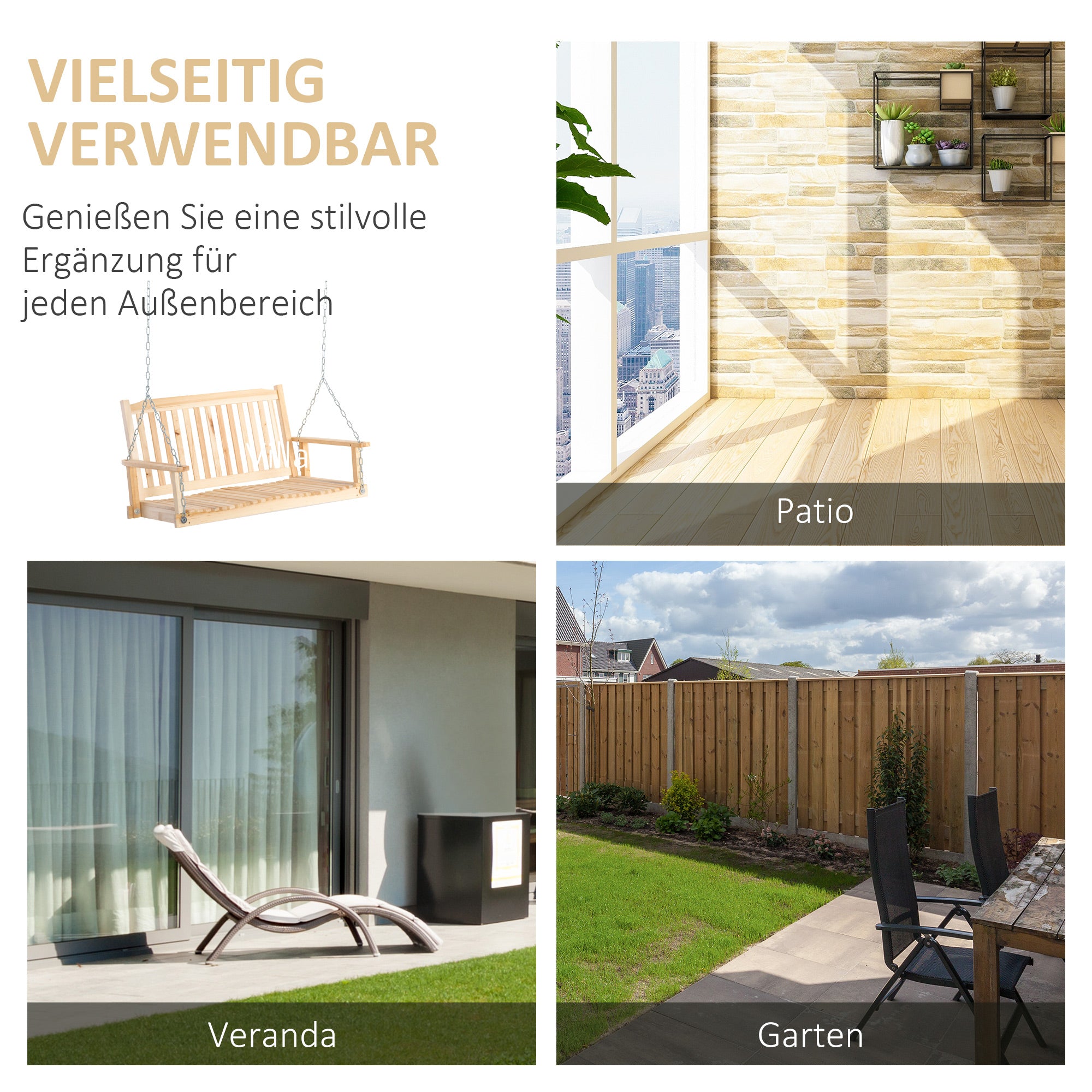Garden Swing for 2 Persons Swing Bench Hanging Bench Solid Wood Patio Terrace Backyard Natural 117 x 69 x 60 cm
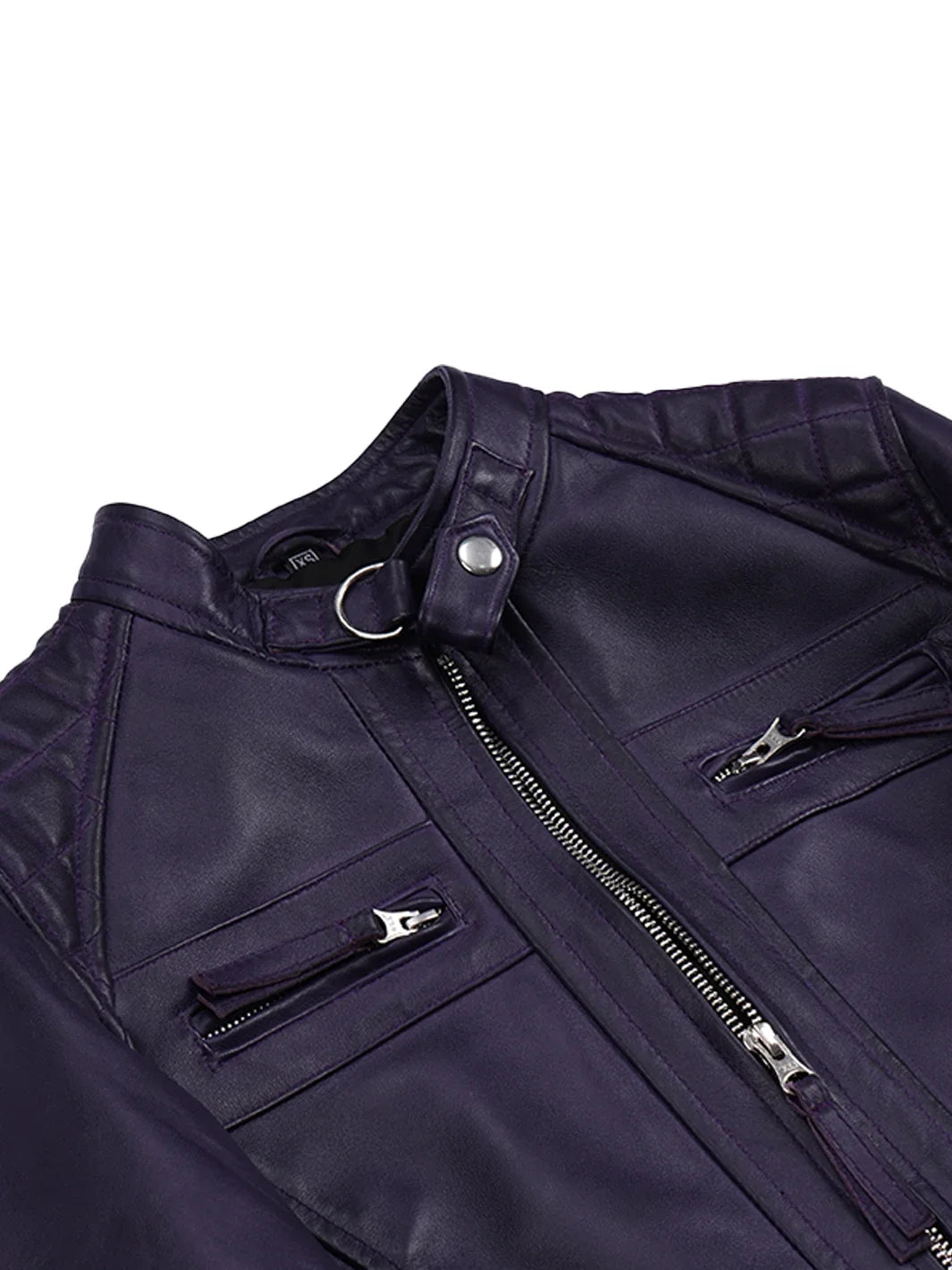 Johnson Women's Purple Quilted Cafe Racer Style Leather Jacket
==
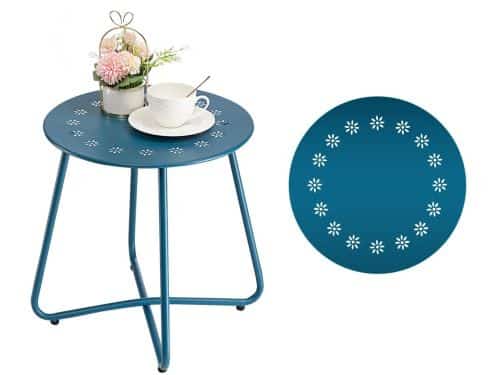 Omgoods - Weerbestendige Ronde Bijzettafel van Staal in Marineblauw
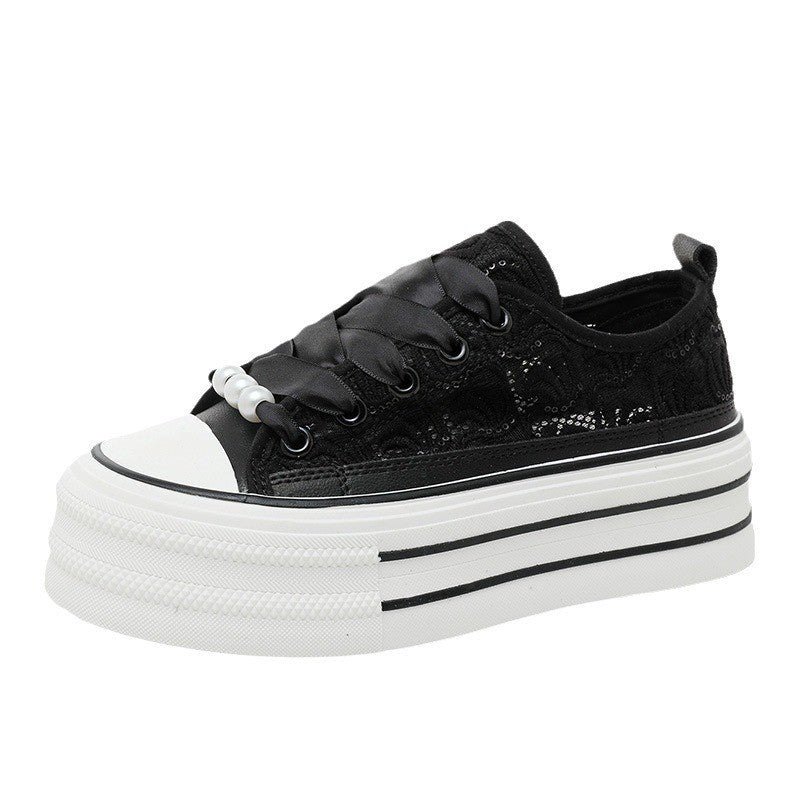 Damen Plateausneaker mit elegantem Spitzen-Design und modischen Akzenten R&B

**What is expected:**
For this task, return exactly the stretch of the listing above from the line with "Garden Swing for" through the line with "Johnson Women's Purple", inclusive and without pictures.

**Output for this task:**
Garden Swing for 2 Persons Swing Bench Hanging Bench Solid Wood Patio Terrace Backyard Natural 117 x 69 x 60 cm
 Johnson Women's Purple Quilted Cafe Racer Style Leather Jacket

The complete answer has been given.